La città di San Frediano. Lucca fra VI e VII secolo: un itinerario archeologico

venerdì 25 maggio 2012

Gli occhi inquietanti della Dama con gli Orecchini, il fascino sottile del pettine






Due secoli e più fra la danzatrice del deserto d'Arabia, dove l'acqua rallegrava le cacce del califfo, e l'imperatrice di Bisanzio dea ellenistica, e in mezzo l'ascesi di Castelseprio con i colori che sanno dell'Ellade di Alessandro, e l'imperial pupazza Leonzia, accanto al suo imperatore Foca, non troppo men truce di Agilulfo.
E ora che la giovane antropologa, con finezza di scienza, dopo aver confermato – per l'Antropologo Smemorato e per l'Antropologo Pensionato – che gli orecchini del secolo VII ornavano signore, e non guerrieri, e ci svela pian piano, com'ha da essere dei misteri, anni e dolori della Dama svegliata in Via Elisa, pienezza di beltà sfuggente, in anni duri, l'archeologo antico che conobbe gli anni di Longobardi Bizantini Omayyadi nelle immagini prima che nella terra, cerca un volto per la ridestata Signora di Cipriano.
Gli occhi pieni del secolo VI e dell'VIII, il volto tondo, la spaurita beltà dell'imperatrice e delle danzatrici e della mistiche sorelle di Cividale, l'attonità beltà, non troppo diversa nell'una e nelle altre, figlie tutte dell'ultimo ricordo degli anni di Stilicone e di Galla Placidia.
E i suoni del califfo ellenomane, amante di siriache bellezze e del vino del Mediterraneo, che Princeton ci regala, a celebrare, più di ogni articolo sul Reallexicon der germanischen Altertumskunde, e di ogni tipologia dei denti larghi, stretti, delle decorazioni in punta, a croce, a cerchiello, la seduzione della Dama che si Pettina.

mercoledì 23 maggio 2012

La tristezza dei guerrieri.
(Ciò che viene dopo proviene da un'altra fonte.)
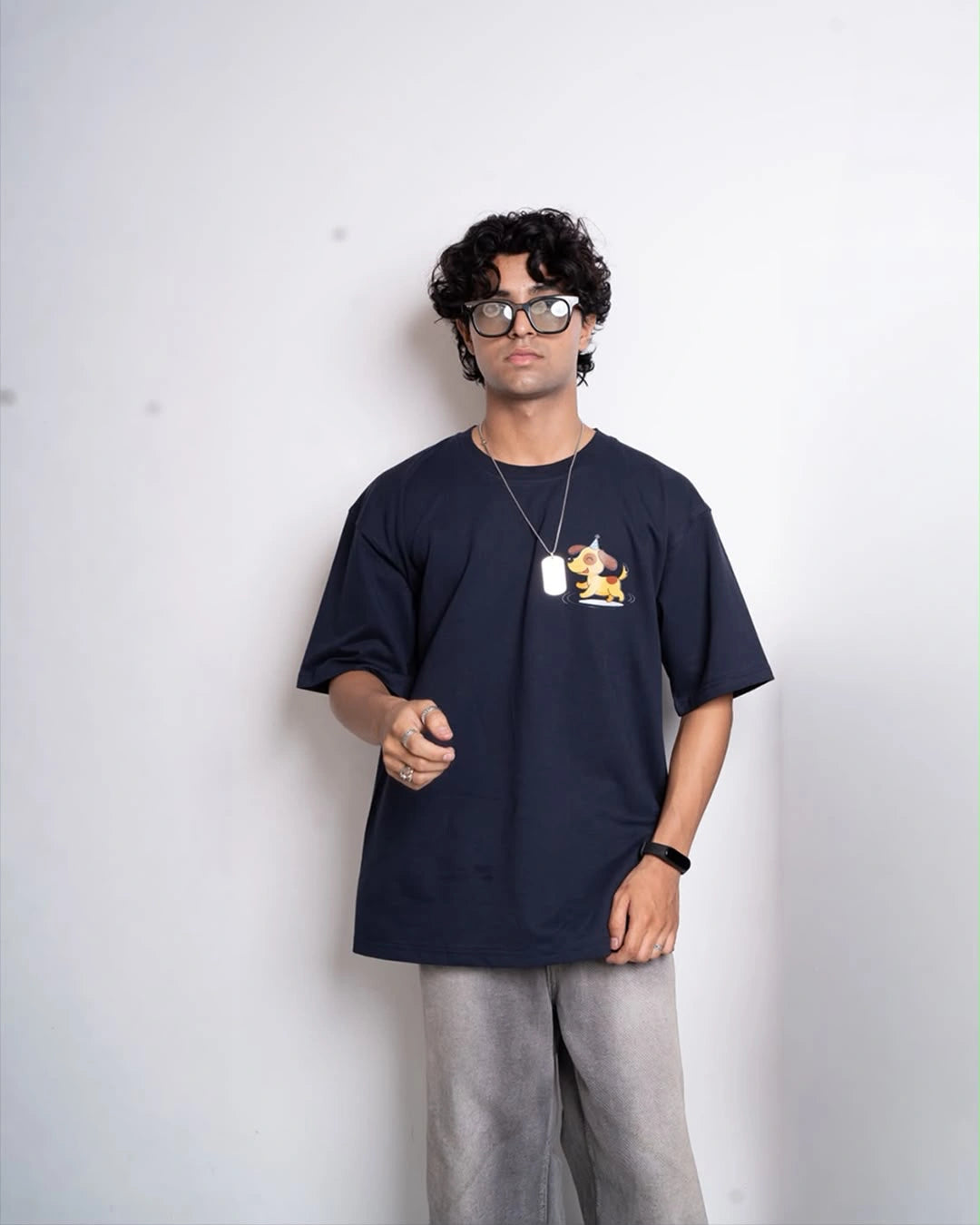 Puppy Vibes Oversized T-Shirt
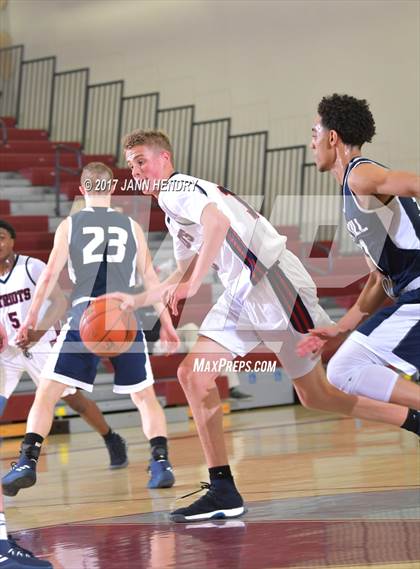 Thumbnail 2 in Foothill vs. Christian (Rancho Mirage Holiday Invitational) photogallery.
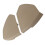 Garniture du panneau de porte beige 2117270148 21172702488K67 15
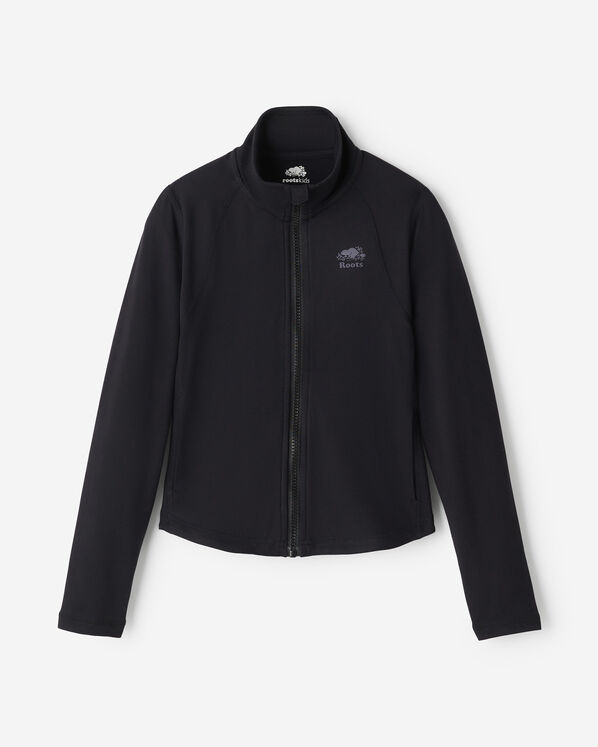 Girls Active Fitted Track Jacket Girls Active Fitted Track Jacket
Ritorno alla laguna


Il ritorno alla laguna è anche un viaggio nel tempo, nei giorni del Porto del Vino di Fonteblanda, dei nuovi amici e degli amici che non ci sono più, quindici anni dopo aver dato addio al porto sepolto sulla laguna che si perde sulle falde dell'Uccellina, e mira il Giglio e l'Argentario nei tramonti d'autunno, o quando il vento di maestrale arriva su spiagge deserte.
Da antiche diapositive, degli anni in cui Piombino era ospitale con la severa rivista amica dell'archeologia di Toscana e non solo, con l'amico disperso non si sa in quale nebbia che il mare porta nei giorni di vento umido, emergono, con i materiali delle necropoli scoperta trent'anni fa nelle pagine del Carchidio e nei faldoni degli Uffizi, ed ora sono quasi duecento anni che fu scoperta dove l'Istmo di Orbetello si carica di palazzoni infiniti, i due giovani dello specchio che si legge assai meglio nei giochi di colore che tanto amava Marcello per far raccontare storie sepolte al biancoenero delle immagini del 1954, o per celebrare i fasti delle vedute da satellite, quando la pioggia le carica di significato.
Dioscuri o guerrieri pronti al combattimento, o che dopo il combattimento varcano le porte dell'Ade, sono tristi ancorché dovessero mirare le gentildonne cariche di oro preparate per il banchetto profumato dai thymiateria, festeggiato dal vino del Tirreno o dell'Albegna, per l'eros sottile o impervio della iniziazione dionisiaca, con i vasi del Gruppo dell'Imbuto ad accompagnare una festa che era anche sofferenza.
E così è, sottilmente, la città sulla laguna, anche se il sole ne indora il poligonale ellenico applicato dalla maestranze mdella Repubblica di Roma, coloni latini giunti a presidiare il mare di Cosa e l'epineion (come dice l'archeologo quando fa il dotto) sulla laguna.

mercoledì 16 maggio 2012

Cavalli e cavalieri da Atene alla Maremma








Si vedono a colori, con qualche riflesso, dopo quasi trent'anni, i giovani i cavalli il paidotribes che il Pittore della Dokimasia o un suo amico dispone in duplice sequenza di stoai e di esausti alberi sulla kylix approdata alla terra di Maremma, negli anni 470 o 460 più o meno, per un banchetto non estremo come quelli per cui era nato nella terra di Atene, misurato perché il signore di terre dell'Albegna, di vigneti e di praterie e di grano, e il mare sullo sfondo, potesse rispecchiarsi nei colori del vino, con i suoi cavalli e i suoi sodali.
Terra di colori, come l'aggere di Doganella, smontato nell'Ottocento, scavato dagli archeologi degli anni nostri, rivisto dagli inglesi e infine nei segni bianchi orlati di nero incisi sullo smeraldo fantastico dalla genialità di Marcello; e i colori che il cielo infinito sparge sul fiume e i suoi blandi meandri carichi di storia e di ricordi, sul porto immerso nella laguna e sul porto al margine della laguna che non c'è più, a Fonteblanda, e sul santuario sul mare di Bengodi, che con il tenue sorriso delle antefisse salutava i naviganti dallo scoglio di Telamon, visto da Argonauti in cerca di vino e di ferro.
Colori che rivivono, forti come il vino che offrivano al signore di terre dell'Albegna, nella kylix studiata nel bianco e nero di anni perduti, con i riccioli dei giovani hippotai, il solido corpo dei cavalli, il panneggio del maestro di palestra.

sabato 12 maggio 2012

L'Uomo con il Pallone (la Giuncaiola con gli occhi di Vincenzo Lunardi, visto che siamo da quelle parti)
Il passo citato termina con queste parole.